Could we be looking at a series of collapses, one right after the other, that leaves widespread MSM roadkill – and introduces us to a new world in which the likes of the New York Times, the Associated Press and maybe even some of the networks are simply no more?
Two stories from the Associated Press really caught my attention in this regard in recent days. One came from David Espo, who tried his best to make the case that both parties were equally guilty of exploiting the Gabrielle Giffords shooting for partisan purposes.
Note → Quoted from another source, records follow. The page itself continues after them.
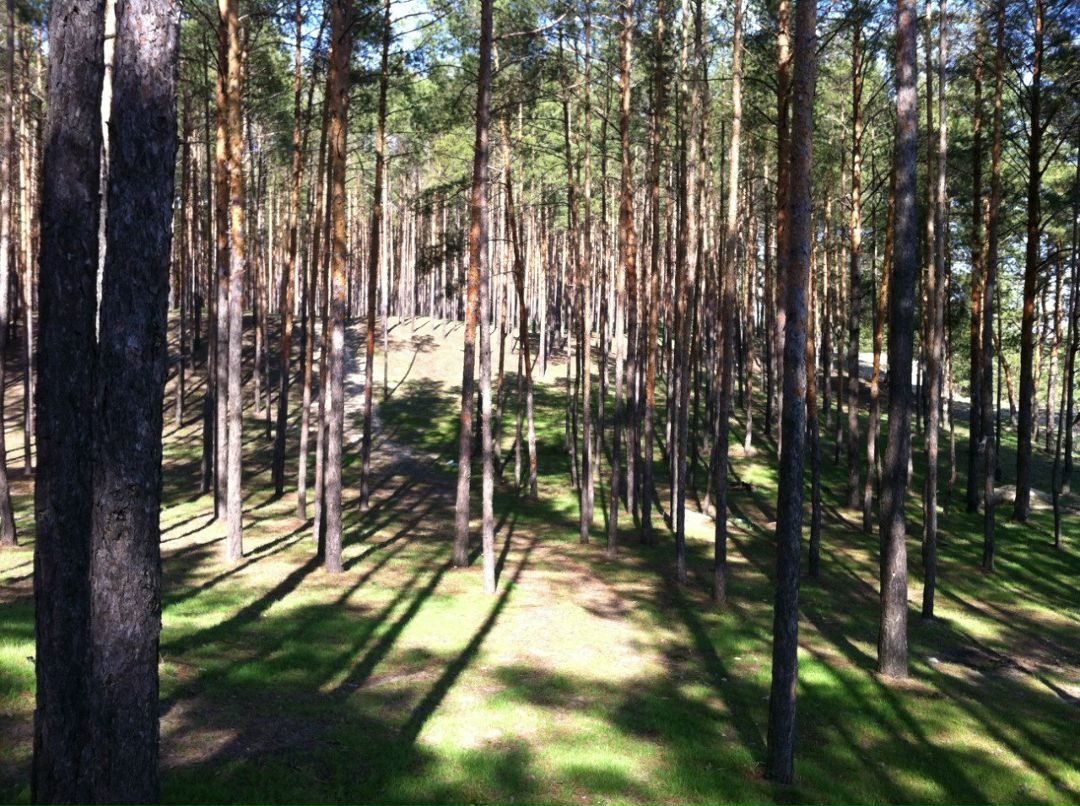 Александр Елетин фотография #12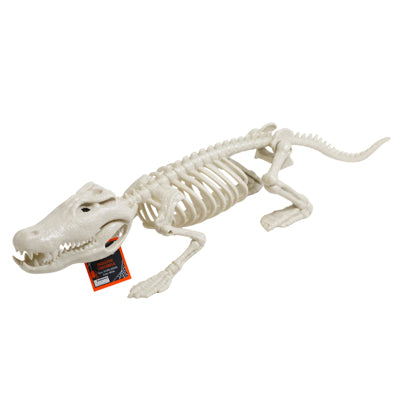Skeleton Crocodile 24.8l Collapsible/hlwn Ht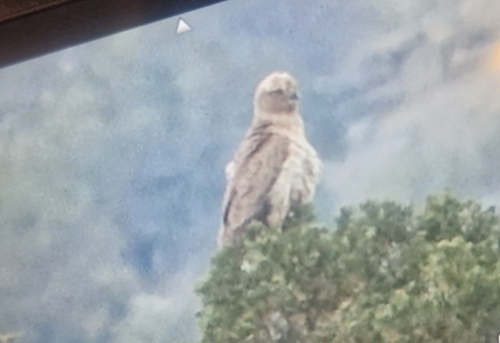 Short-toed Snake-Eagle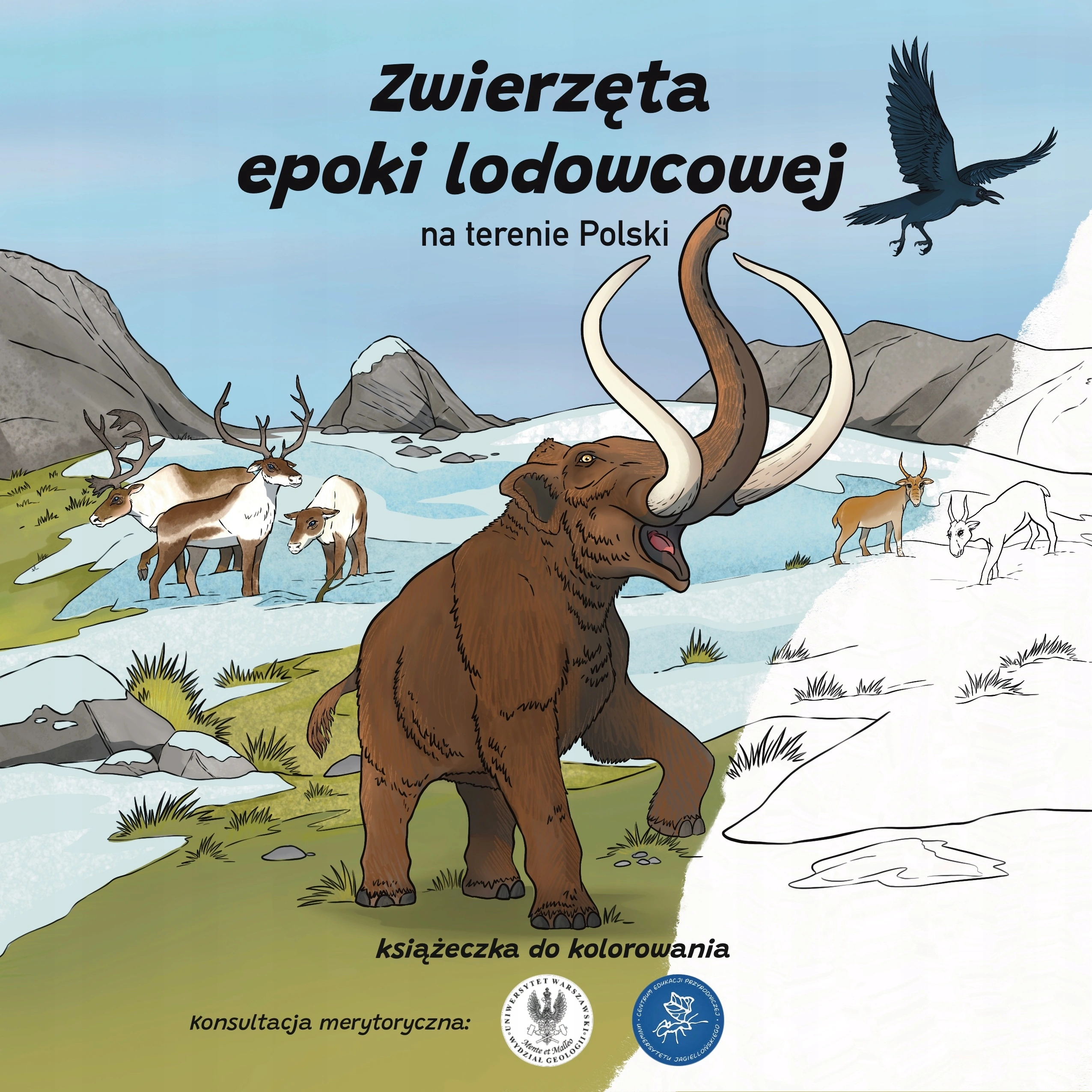 Książka - Zwierzęta epoki lodowcowej na terenie Polski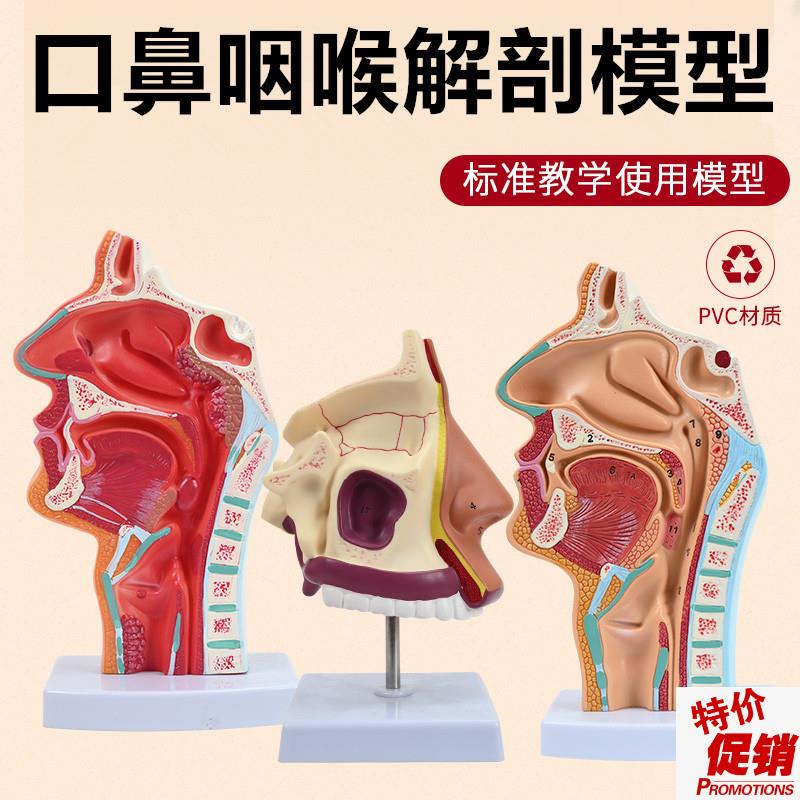 鼻腔解剖模型耳鼻喉科p教学模型鼻腔模型鼻子模型口鼻结构模型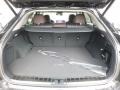 Noble Brown Trunk Photo for 2017 Lexus RX #119308364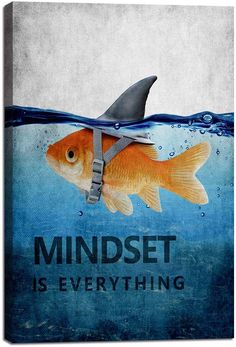 a goldfish with a shark's fin on its back and the words mindset is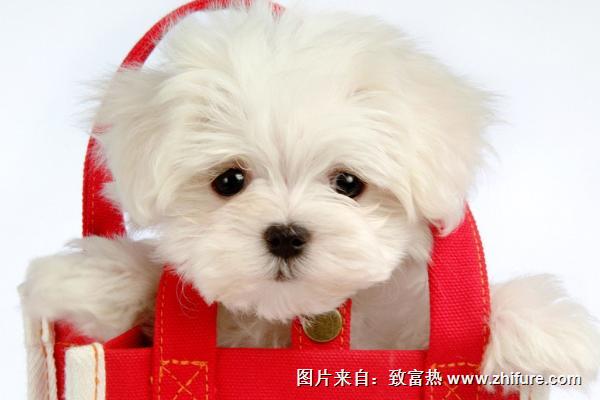 茶杯犬圖片大全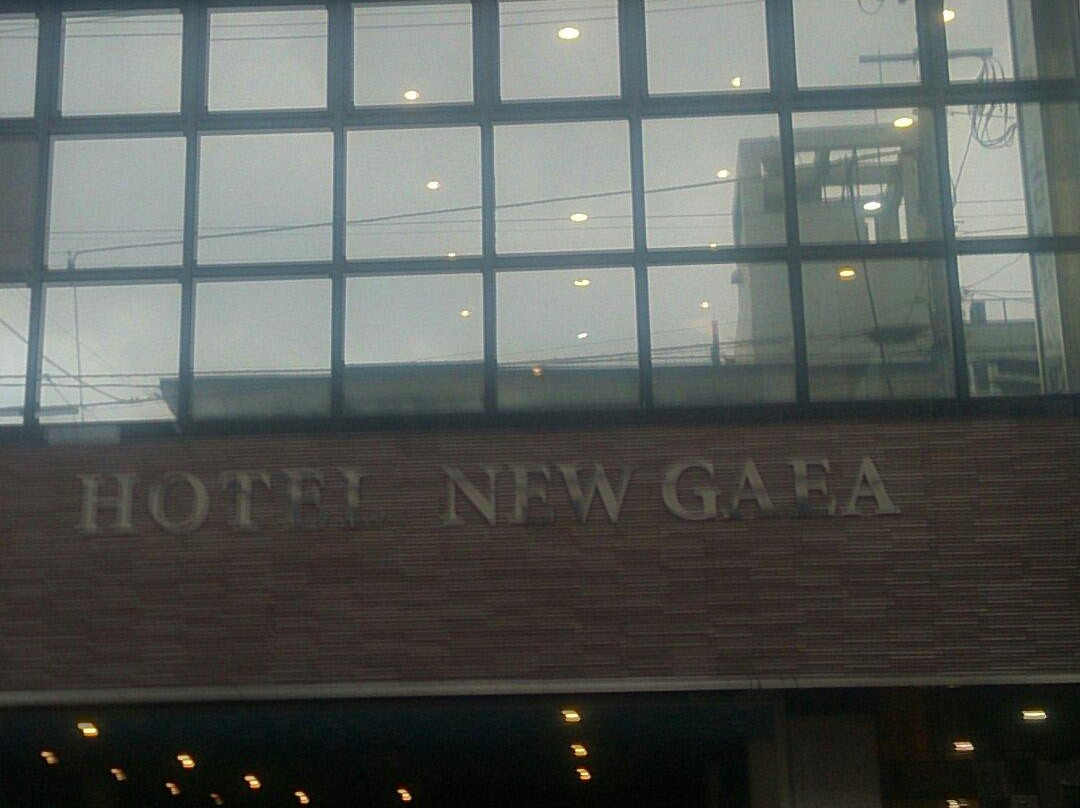 Hotel New Gaea Iizuka主图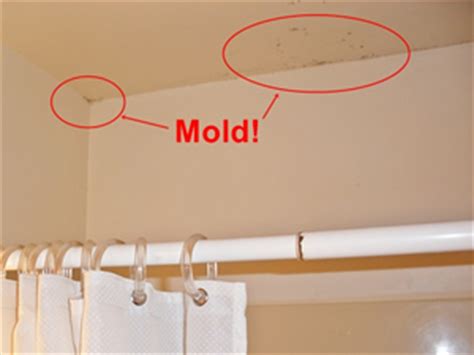 Many kinds—and colors—of mold exist. Toxic Mold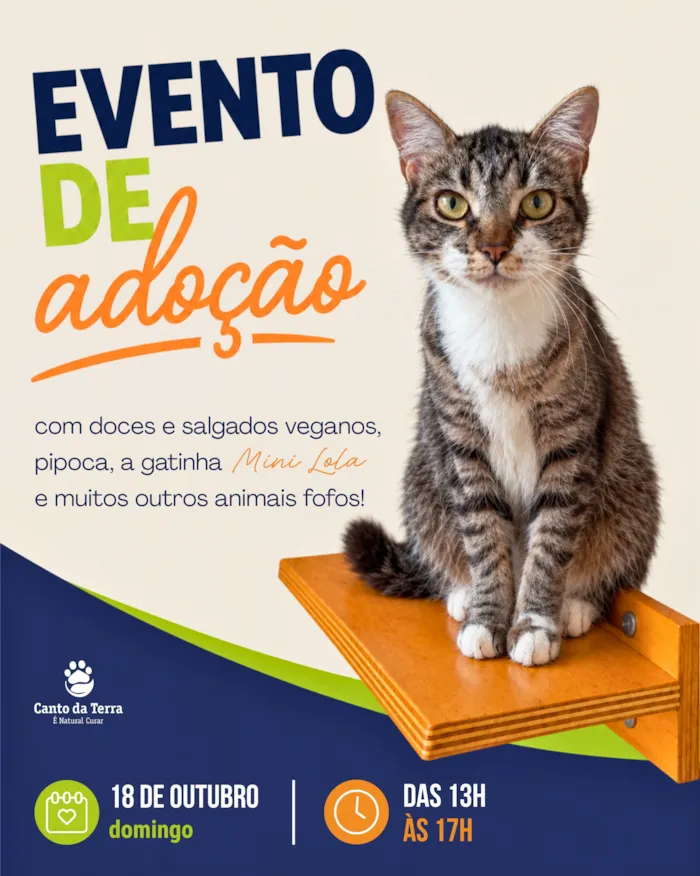 Evento de adoção em São Paulo acontece em 18 de outubro, das 13h às 17h, com cães, gatos, doces veganos e pipoca.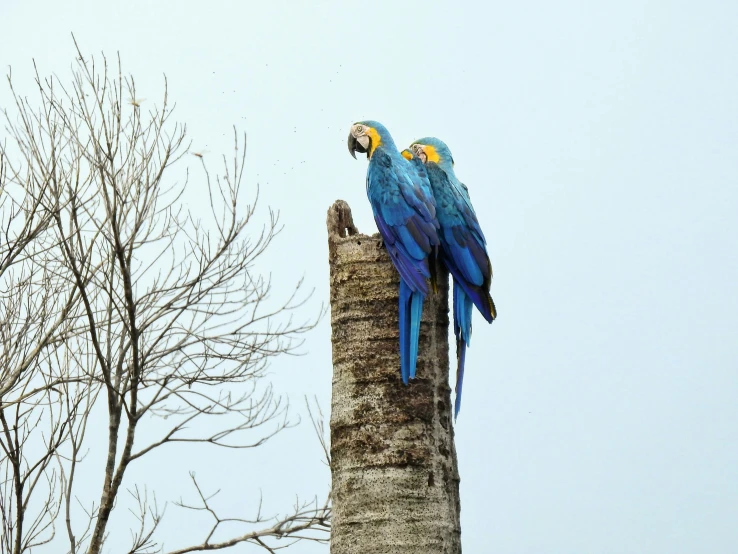 two parrots perched on top of a palm tree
Espo wrote:
Democrats, Republicans and independent groups across the ideological spectrum are seeking political profit from the shooting rampage in Arizona, often moderating their rhetoric in pursuit of their goals.
Often, but not always.
Two days after the Jan. 8 attack, the conservative Tea Party Express issued a fundraising appeal that said the accused gunman’s actions in the months leading to the shooting were “more consistent with Blame America First Liberals, not the tea party movement.”
Democrats, too, acted quickly to inject politics into the shooting. Within hours of the gunfire, they circulated a posting from Sarah Palin’s 2010 campaign website that showed crosshairs superimposed on Tucson, Ariz., and several other regions of the country, part of her effort to defeat incumbent Democrats who had voted for President Barack Obama’s health care legislation.
Espo’s dishonesty is obvious for anyone who actually followed the events. To give, as his first example, something that happened two days after the shooting is to completely skip the context of why the tea partiers said what they did, which was that they had just spent two days listening to just about everyone in the mainstream media attempting to blame the shooting on them.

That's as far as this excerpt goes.